In 2023, in the American state of Utah, the Utah Legislature (Senate and House of Representatives), unanimously passed statutory amendments creating a statewide business court, the Utah Business and Chancery Court, and Utah's governor signed it into law. The Business and Chancery Court became operational in October 2024.

== History of the Business and Chancery Court ==
Utah House Bill 216 creating the Business and Chancery Court was chiefly sponsored by Representative Brady Brammer. The final version of the bill was unanimously passed by the Utah Senate and House of Representatives, and was signed into law by the governor on March 20, 2023. The new court became operational on October 1, 2024. The Business and Chancery Court's creation was supported by the Utah State Bar. Utah Code § 78A-1-101, addressing courts of record in the state, added the Business and Chancery Court as one of Utah's courts of justice and courts of record, effective July 1, 2024.

== Nature and design of the Business and Chancery Court ==
The Business and Chancery Court is a specialized business court with limited, statewide, jurisdiction, concurrent with Utah's District Courts per Utah Code § 78A-5a-102. The statute setting out its jurisdiction, Utah Code § 78A-5a-103, lists certain case types of a business or commercial nature that fall within the court's jurisdiction, as well as case types that fall outside of its jurisdiction. In addition, to come within the Business and Chancery Court's jurisdiction, cases must have a minimum amount in controversy of $300,000 or seek equitable relief. Jury trials are not permitted in the Business and Chancery Court. If a defendant properly demands a jury trial, the case will be removed from the Business and Chancery Court.

The law creating the Business and Chancery Court provides for distinct judges and court administrators, with a physical location in Salt Lake City, Utah, but it can carry out its functions in any part of the state. The Business and Chancery Court judges are required to publish all final decisions and orders, and to make them publicly available on a website.

== Developments in establishing the Business and Chancery Court ==
Utah's Supreme Court established an Advisory Committee on the Rules of Business and Chancery Procedure, to develop rules of procedure for the Business and Chancery Court. A proposed set of Utah Rules of Business and Chancery Court Procedure was publicly posted on April 25, 2024, with a public comment period ending on June 9, 2024. A distinct Utah Rules of Business and Chancery Court Procedure became effective as of September 1, 2024.
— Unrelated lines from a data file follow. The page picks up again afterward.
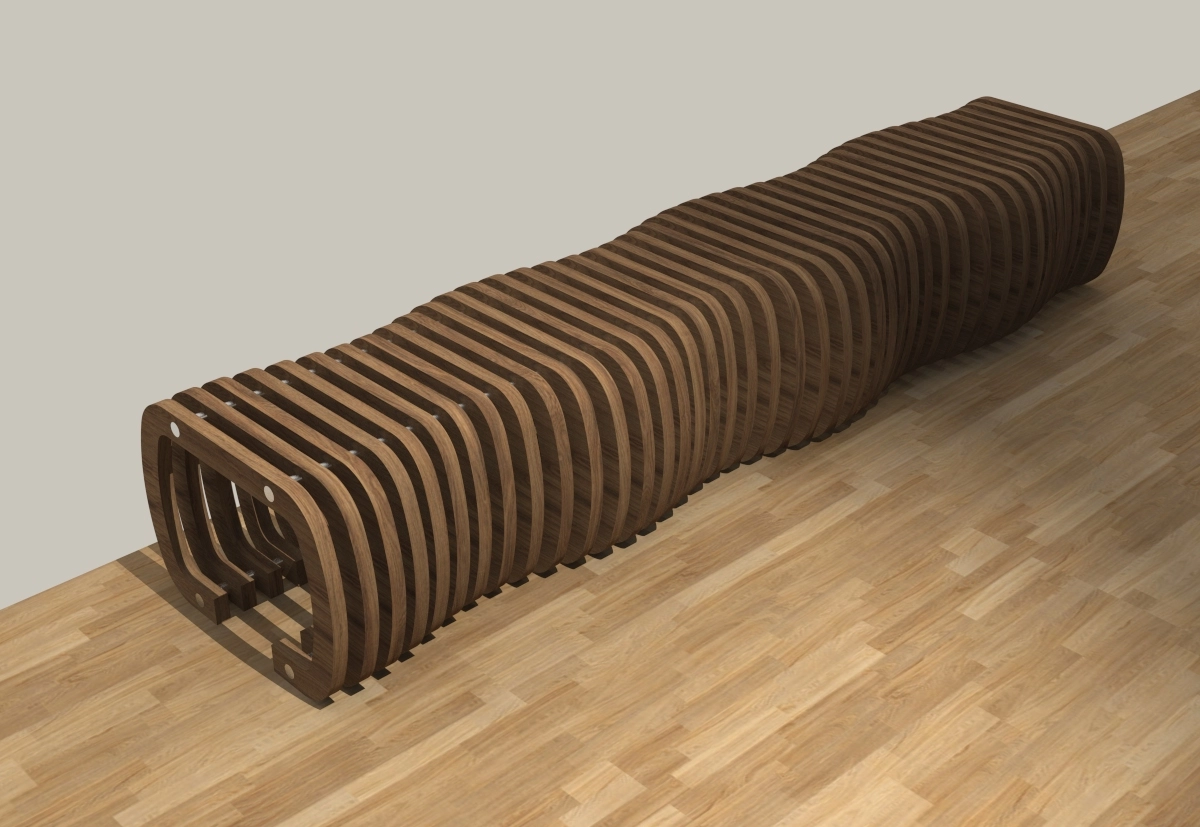 Parametric Bench Matrix 2D/3D Model - 0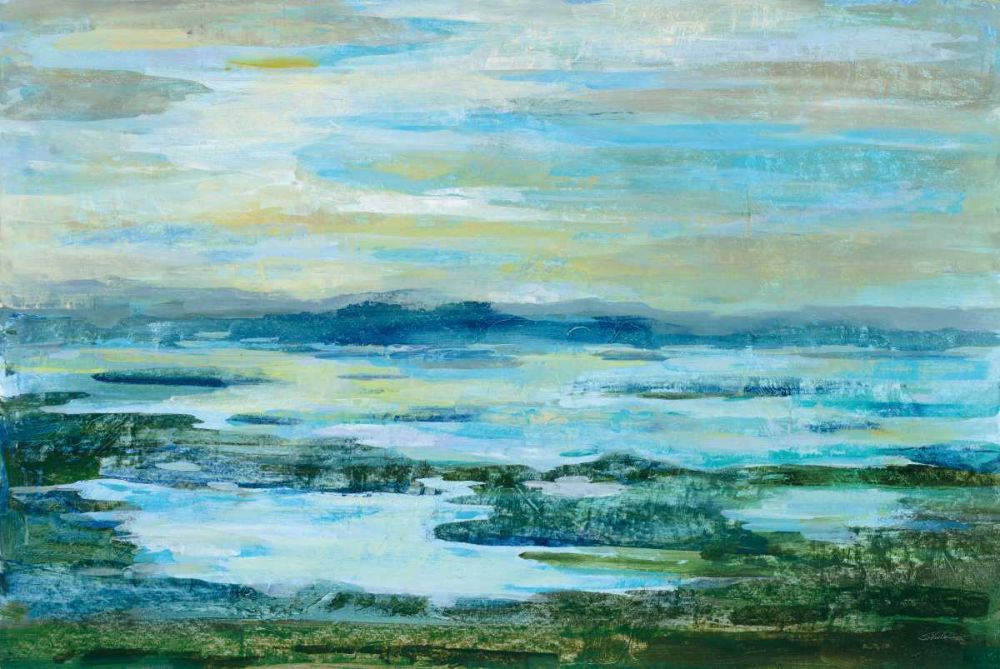Northern Lake Green art print by Silvia Vassileva for $57.95 CAD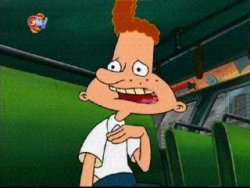 Is Eugene from Hey Arnold! supposed to be read as a homosexual?  He pretty much is repulsed by the idea of getting married to Sheena and likes showtunes.  I think that&rsquo;s the nineties way of saying he&rsquo;s gay.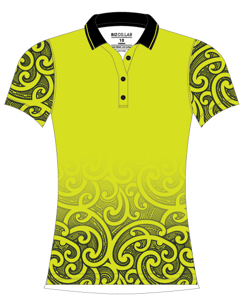 Hi Vis Mahi Polo - Wahine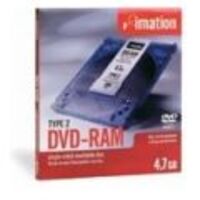 IMATION DVD-RAM 4.7GB, single sided, 5 piece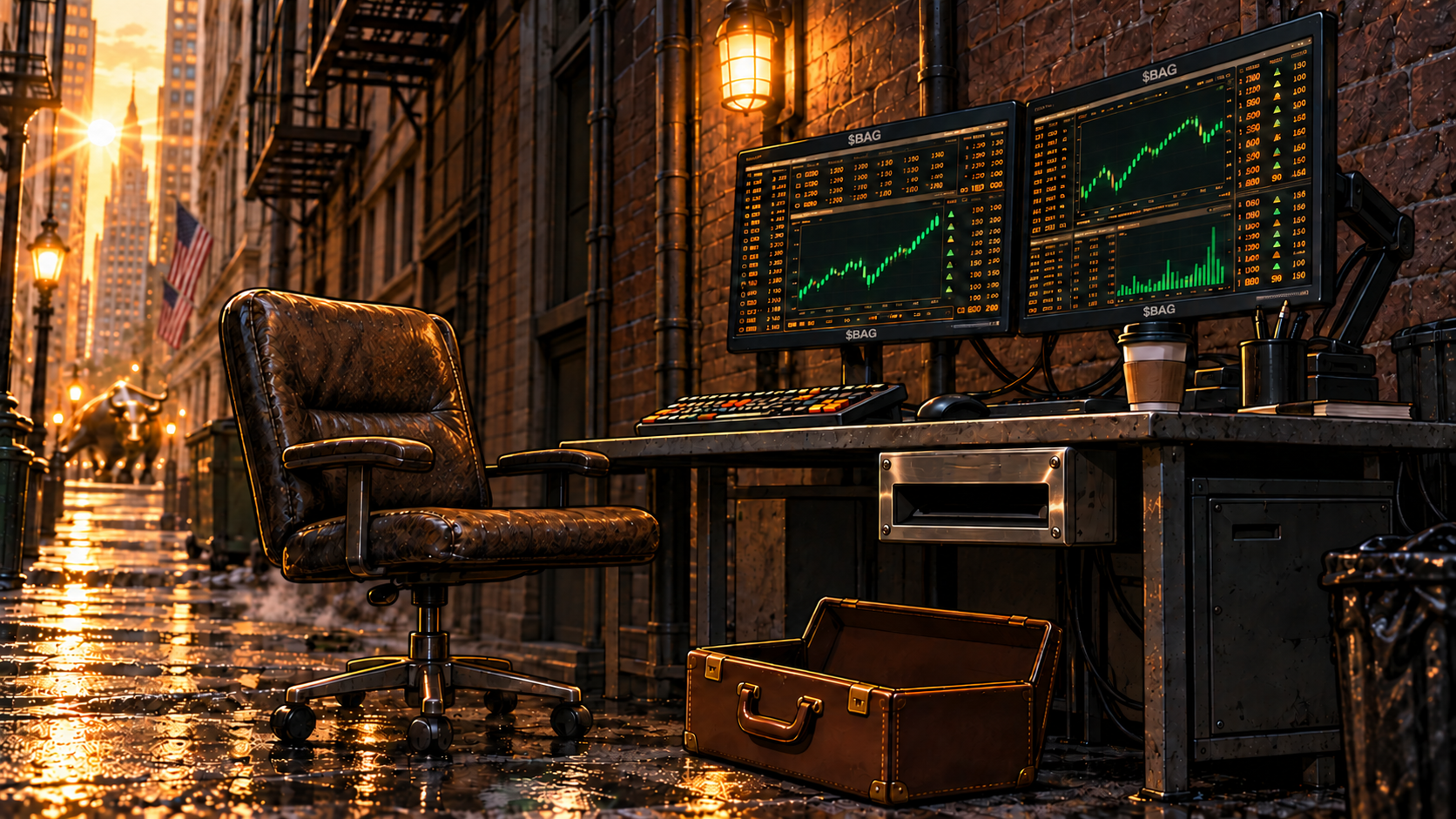The after-hours alley trading desk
On June 28, 2024, the governor's office announced the nominees for a judicial position on the Business and Chancery Court. On July 26, 2024, Governor Spencer Cox appointed Judge Rita Cornish as the Business and Chancery Court's first judge. At the time, Cox said Cornish's "unique experience in commercial litigation and as a judge on the Second District Court makes her ideally suited for this position”.